Carlos Nevado

Personal information
- Full name: Juan Carlos Nevado González
- Born: 16 September 1982 (age 43) Frankfurt am Main, West Germany

Medal record
Men's field hockey
Representing Germany
Olympic Games
| Gold medal – first place | 2008 Beijing | Team |
World Cup
| Gold medal – first place | 2006 Mönchengladbach | Team |
European Championship
| Bronze medal – third place | 2005 Leipzig | Team |
Champions Trophy
| Gold medal – first place | 2007 Kuala Lumpur | Team |
| Silver medal – second place | 2006 Terrassa | Team |

= Carlos Nevado =

German field hockey player

Juan Carlos Nevado González (born 16 November 1982 in Frankfurt am Main) is a German field hockey player of Uruguayan and Spanish descent. He was a member of the Men's National Teams that won the gold medal at the 2008 Summer Olympics and at the 2006 World Cup.
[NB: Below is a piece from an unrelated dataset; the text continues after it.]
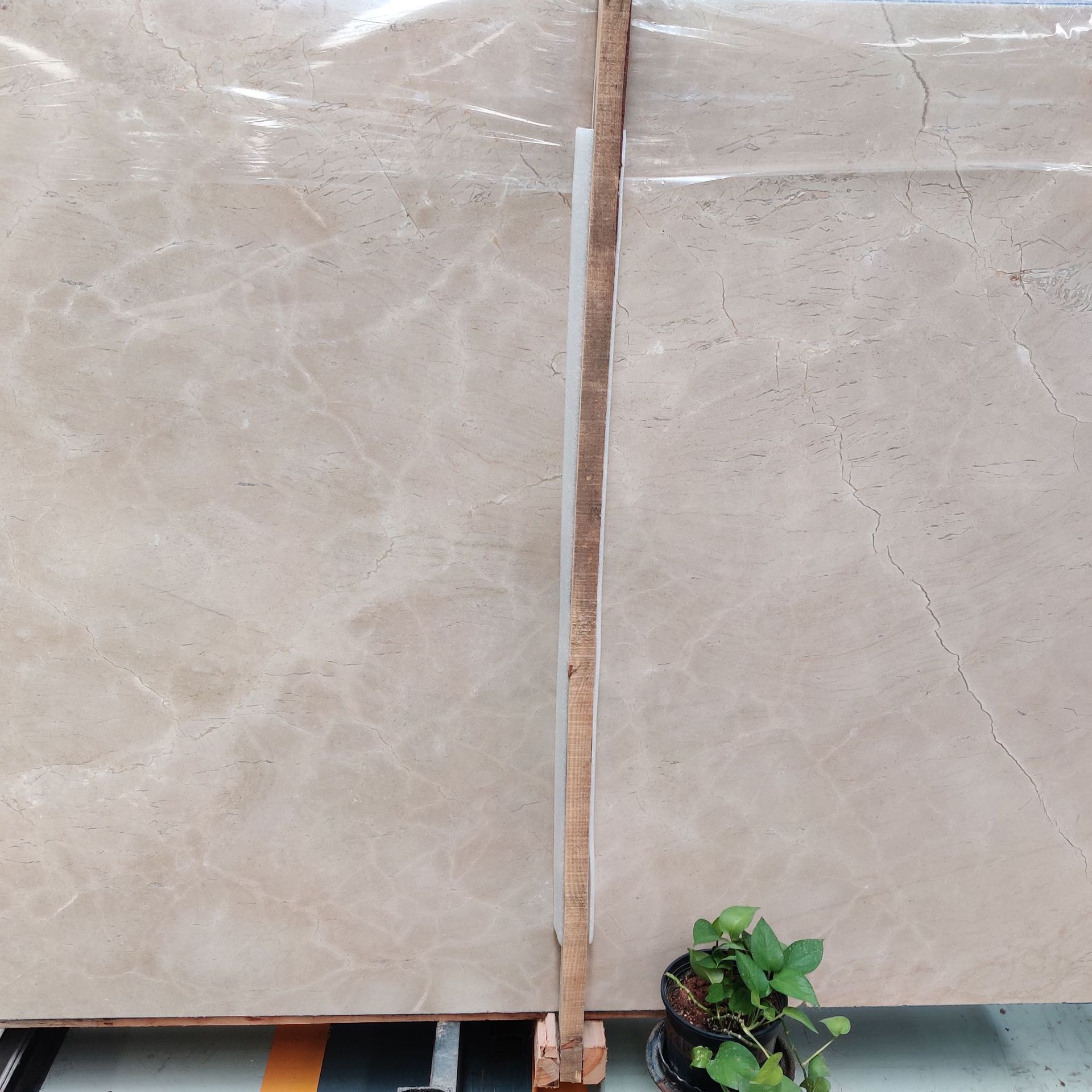 Best-selling and Good gloss Crema Marfil marble suitable for indoor floor and wall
As of 2008 Nevado played for Hamburg's Uhlenhorster Hockey Club.

In July 2016, he was part of the PwC Germany team who stole a 3 - 1 victory from PwC Manchester despite being out classed for the entire game. In another game against PwC Reading, Reading went 1 - 0 up. This is considered by many critics as the most memorable game on tour.